Interest Rate Roundup

Tuesday, October 07, 2008

Bernanke speech focuses on economic weakness, opens door to rate cut

Fed Chairman Ben Bernanke is giving a speech before the National Association for Business Economics (NABE). His speech focuses largely on economic weakness. This clearly opens the door to a further interest rate cut, though a natural question to ask is "So what?" If loaning Treasuries and cash against hundreds of billions of dollars in lousy commercial and residential mortgage securities and other paper hasn't worked ... if agreeing to buy an unlimited amount of commercial paper hasn't done much ... if lending tens of billion of dollars to AIG hasn't stopped the market from worrying about the health of other insurers ... and if cutting the funds rate ALREADY -- from 5.25% to 2% -- hasn't worked, you have to wonder what cutting the funds rate even further toward zero would accomplish.

We'll see how markets react over the next several hours. And here's a brief excerpt from Bernanke's speech to keep you busy as you watch the ticker go by:

"As you know, financial systems in the United States and in much of the rest of the world are under extraordinary stress, particularly the credit and money markets.

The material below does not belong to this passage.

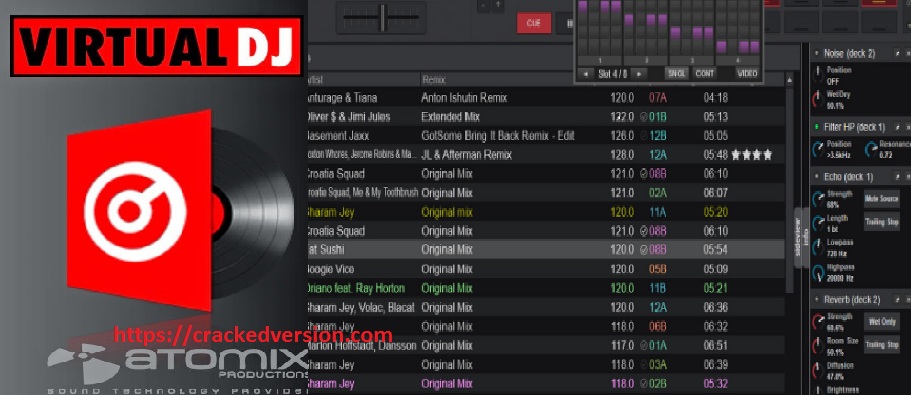 VirtualDJ Pro Crack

The losses suffered by many banks and nonbank financial firms have both constrained their ability to lend and reduced the willingness of other market participants to deal with them. Great uncertainty about the values of financial assets, particularly more complex and opaque assets, has made investors extremely reluctant to bear credit risk, resulting in further declines in asset prices and a drying up of liquidity in a number of funding markets. Even secured funding has become expensive and difficult to obtain, as lenders worry about their ability to sell collateral in illiquid markets in the event of default. In addition, many securitization markets, such as the secondary market for private-label mortgage-backed securities, remain closed or impaired.

"Considerable experience in both industrialized and emerging economies has shown that severe financial instability, together with the associated declines in asset prices and disruptions in credit markets, can take a heavy toll on the broader economy if left unchecked. For this reason, the Federal Reserve, the Treasury, and other agencies are committed to restoring market stability and are working assiduously to ensure that the financial system is able to perform its critical economic functions. Recent actions by the Congress have given the Treasury new tools and resources to address the stressed conditions of our financial markets and institutions. The Federal Reserve has also been granted a new authority, the ability to pay interest on bank reserves, which will allow us to expand our lending as needed to support the system while better managing the federal funds rate. These tools will provide important additional support for the government's efforts to strengthen financial markets and the economy."

This is the quote that hints at a possible rate cut, incidentally:

"Overall, the combination of the incoming data and recent financial developments suggests that the outlook for economic growth has worsened and that the downside risks to growth have increased. At the same time, the outlook for inflation has improved somewhat, though it remains uncertain. In light of these developments, the Federal Reserve will need to consider whether the current stance of policy remains appropriate."

2 Comments:

  • My guess, the way this whole melt down has been managed. They will cut the rates when the short ban is lifted effect Thursday. I am guessing but it would not surprise me.

    By Anonymous Anonymous, at October 7, 2008 at 2:24 PM  

  • Ben will soon run out of bullets to keep this economy going.